Scalable Human-Machine Point Cloud Compression
This addresses the challenge of limited computational resources on edge devices for point cloud processing, though it is incremental as it builds on existing methods like PointNet++.
The paper tackles the problem of compressing point cloud data for efficient deep learning inference on edge devices by introducing a scalable codec specialized for machine classification tasks, while also supporting human viewing, and demonstrates significant improvements over prior non-specialized codecs on the ModelNet40 dataset.
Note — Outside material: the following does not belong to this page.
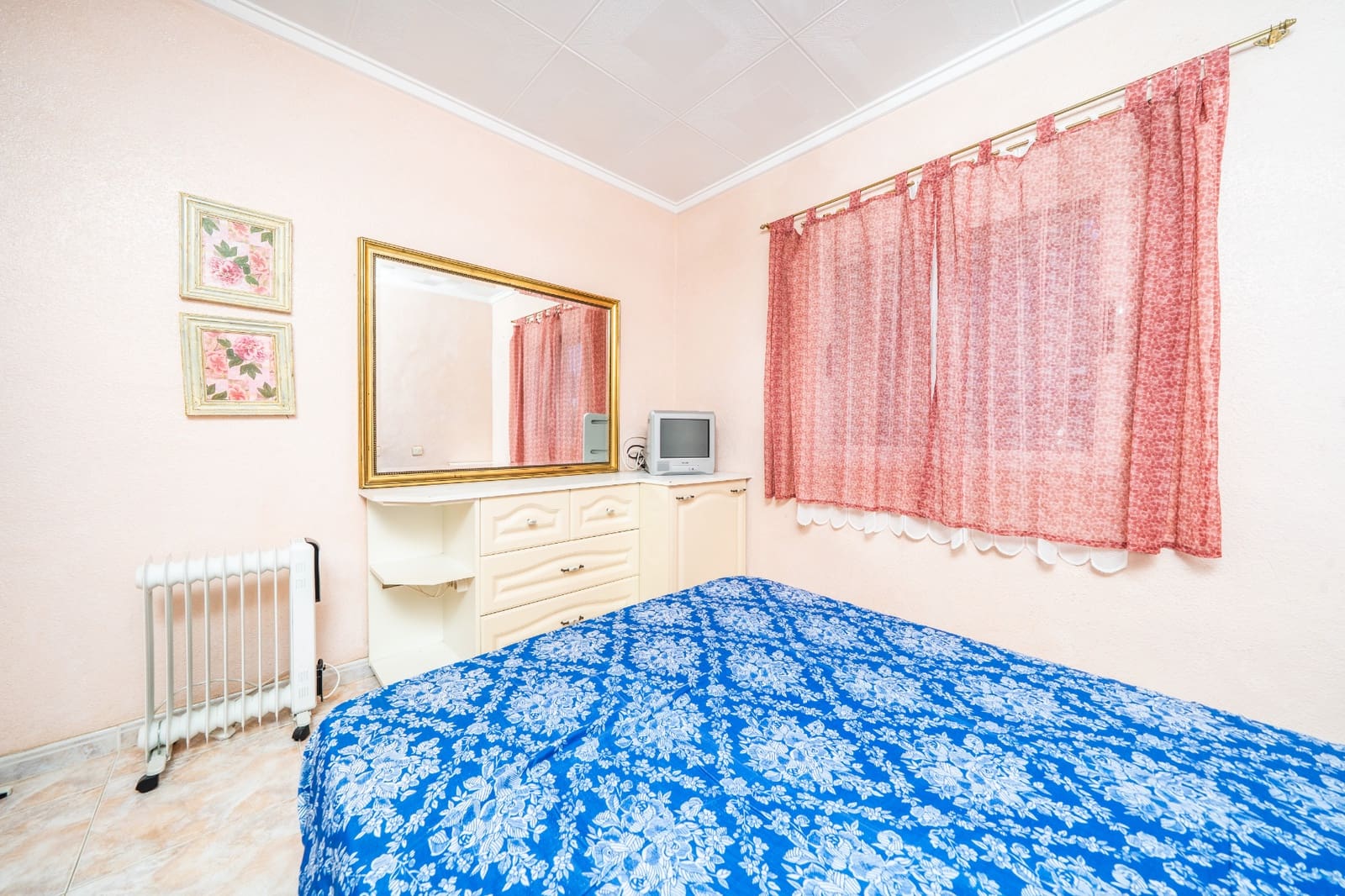 3 bedroom Villa for sale in La Marina with pool - € 265,000 (Ref: 9495391)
Due to the limited computational capabilities of edge devices, deep learning inference can be quite expensive. One remedy is to compress and transmit point cloud data over the network for server-side processing. Unfortunately, this approach can be sensitive to network factors, including available bitrate. Luckily, the bitrate requirements can be reduced without sacrificing inference accuracy by using a machine task-specialized codec. In this paper, we present a scalable codec for point-cloud data that is specialized for the machine task of classification, while also providing a mechanism for human viewing. In the proposed scalable codec, the "base" bitstream supports the machine task, and an "enhancement" bitstream may be used for better input reconstruction performance for human viewing. We base our architecture on PointNet++, and test its efficacy on the ModelNet40 dataset. We show significant improvements over prior non-specialized codecs.